In this sequel to The Natural History of Nonsense, Professor Evans carries forward the thankless task of serving as spokesman for that minority of the human species which has been burned, racked, pilloried, and otherwise molested for possessing a bump of skepticism and a bent toward rationality. Mr. Evans is equipped with encyclopedic knowledge, a tenacious spirit of inquiry, and a prose style which punctures a balloonful of error with a most diverting pop.
His current assault on legend, unreason, cockeyed gullibility, and wishful thinking singles out a wondrous diversity of targets. Among them are the so-called “scientific evidence” in favor of telepathy and extrasensory perception; famous sayings by famous people who didn’t say them; cant notions about history, such as the currently fashionable cliché that the Middle Ages was the Age of Faith (Evans has no trouble showing that irreligion, anticlericalism, and manifold heresies were rife); homely fallacies about matters such as mothballs and mousetraps; popular misconceptions about poisons, drug addiction, aphrodisiacs; the folklore of pregnancy, crime, the law, youth, and old age. Probably the most subversive facts and figures dispensed by Mr.

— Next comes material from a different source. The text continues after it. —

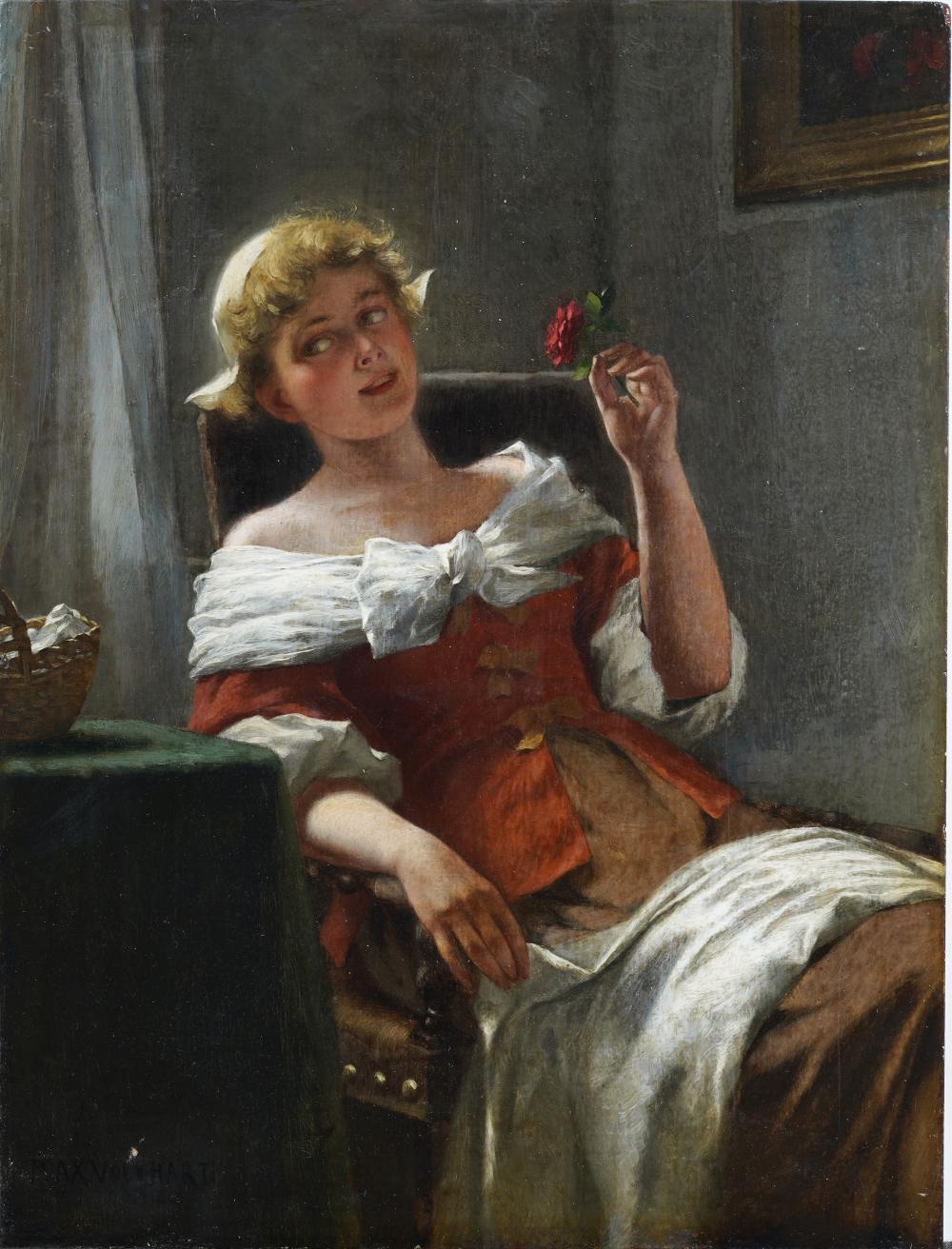 Max Volkhart comparable auction result: max volkhart 1848 1935 signed german luminous finely painted young woman portrait painting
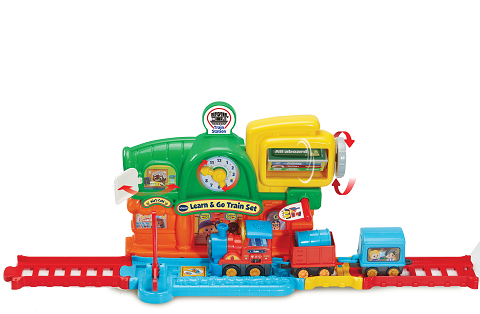 Launch the Toot-Toot Drivers motorised train with 2 wagons from the Train Station and watch it go around the track with fun sounds and phrases.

Evans are those pertaining to the American’s pride, joy, and necessity — his automobile. The author’s telling documentation suggests that the social effects of the automobile are beginning to rival in sheer horror those of the Black Death in medieval times.
A hero of our time
In Atoms in the Family (University of Chicago Press, $4.00), Laura Fermi gives us a wife’s-eye view of a new and enigmatic type of genius: the pioneer nuclear physicist. Born in 1901, Enrico Fermi is one of the three or four men most responsible for bringing about the advent of the Atomic Age. In 1938, he won the Nobel Prize for his studies in radioactive substances. Four years later, a telephone call to the Office of Scientific Research and Development at Harvard reported that “the Italian navigator” had reached the New World and had found the natives very friendly: under Fermi’s direction the first man-made self-sustaining chain reaction had been achieved in an atomic pile built in a Chicago squash court. In 1946, Fermi was awarded the Congressional Medal of Merit for his leading contribution to the development of the atomic bomb.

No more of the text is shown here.